# Required work:
The records below are to be transcribed exactly, with the pictures removed.

(Short text fragments from websites)

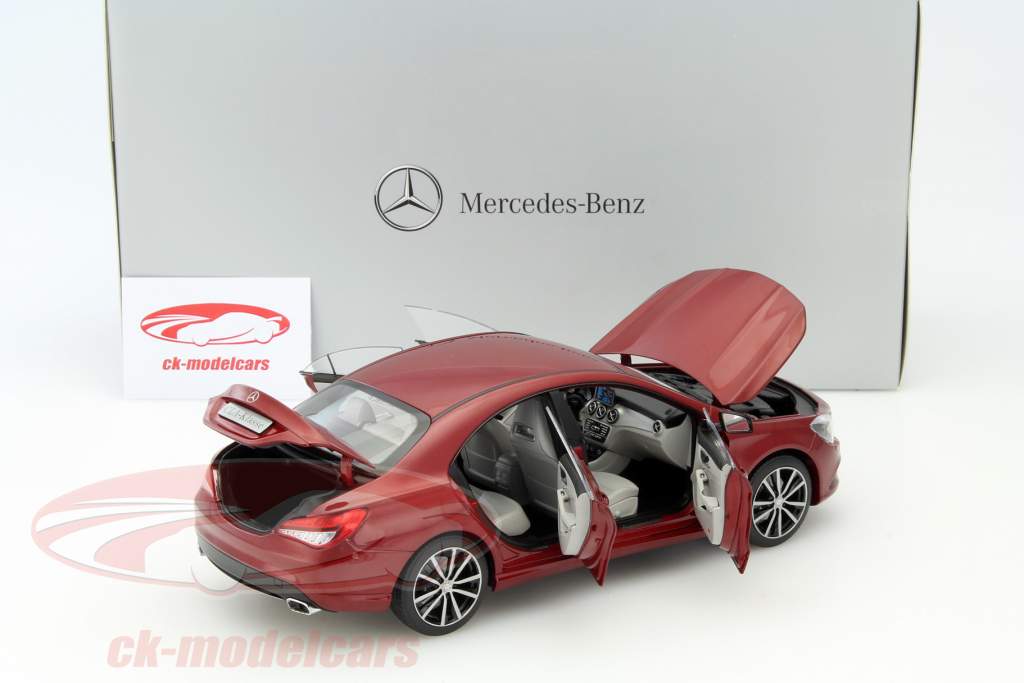 梅赛德斯 - 奔驰CLA级巴塔哥尼亚红色金属1:18 NOREV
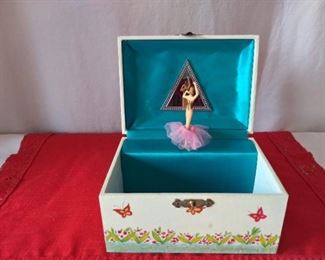 Vintage Ballerina Musical Jewelry Box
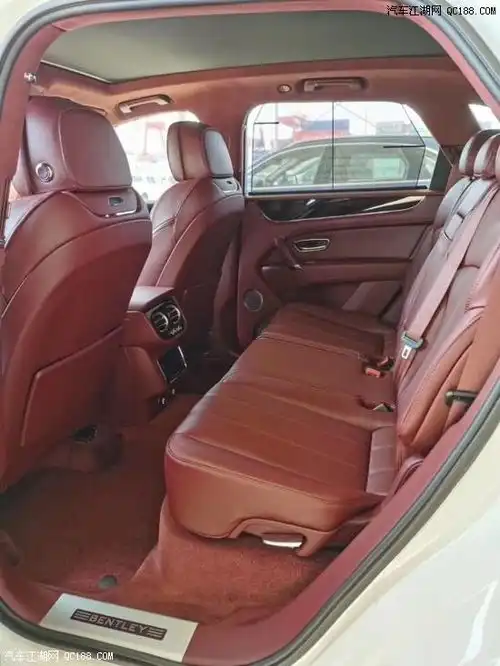 全新宾利添越其动人心魄的独特排气声浪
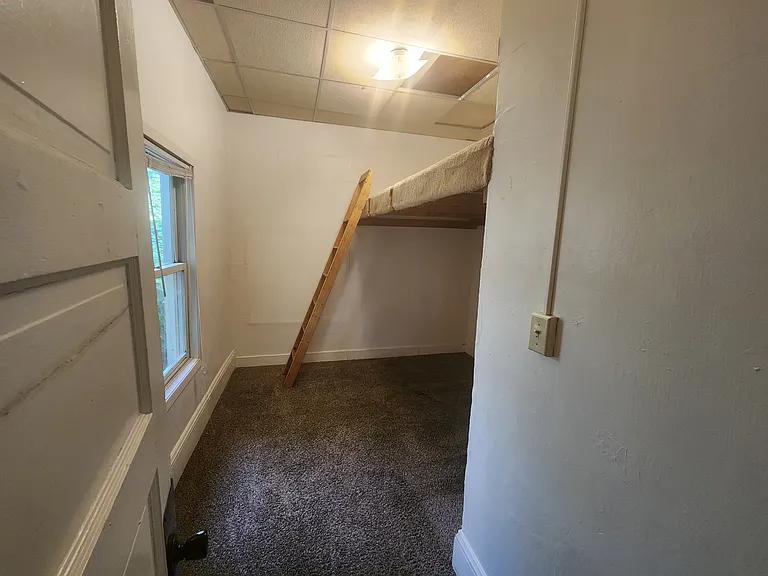 223 Broadway St — Photo 20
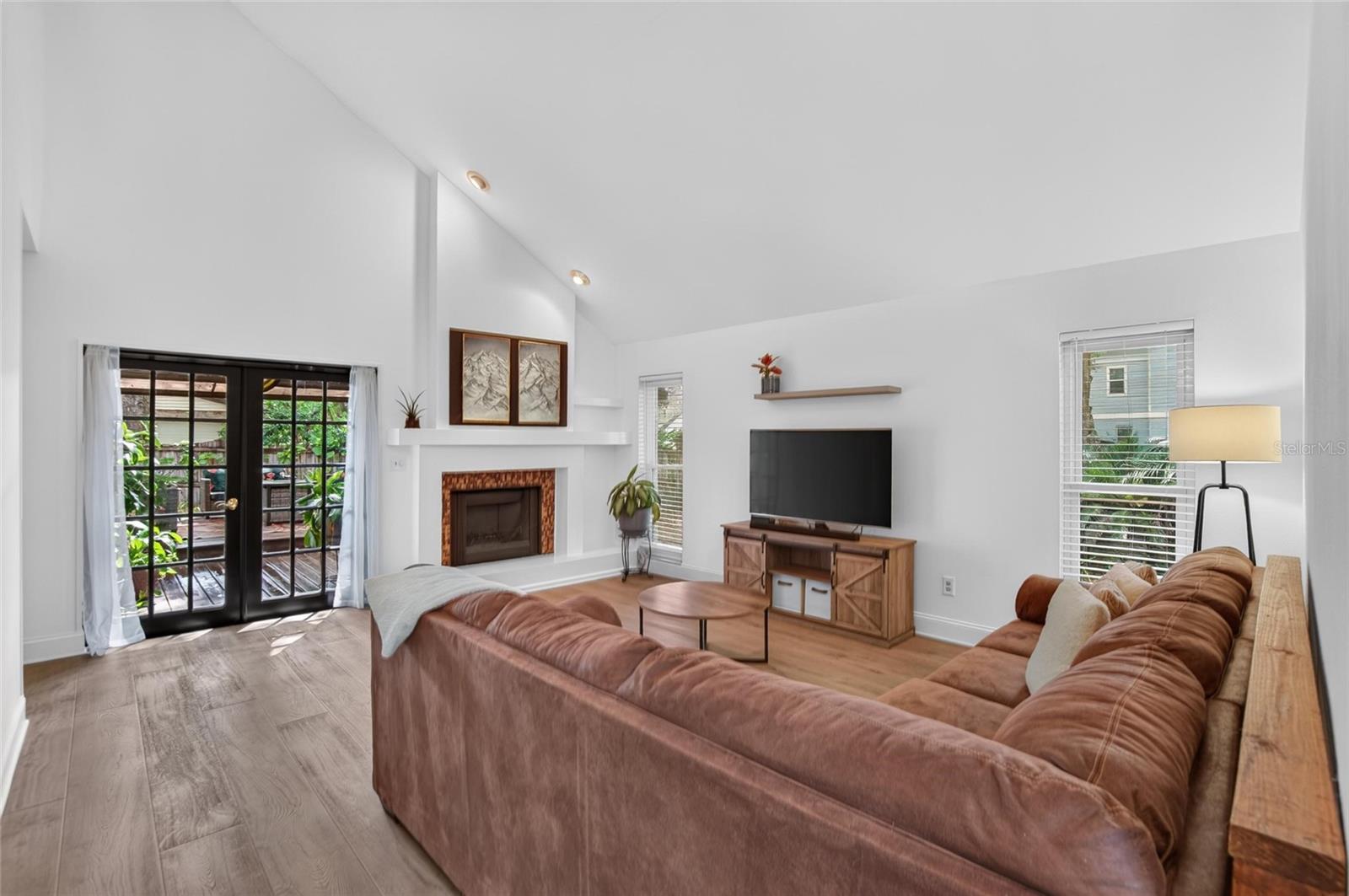 3721 VILLAGE ESTATES PL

# Answer to this problem:
 梅赛德斯 - 奔驰CLA级巴塔哥尼亚红色金属1:18 NOREV
 Vintage Ballerina Musical Jewelry Box
 全新宾利添越其动人心魄的独特排气声浪
 223 Broadway St — Photo 20
 3721 VILLAGE ESTATES PL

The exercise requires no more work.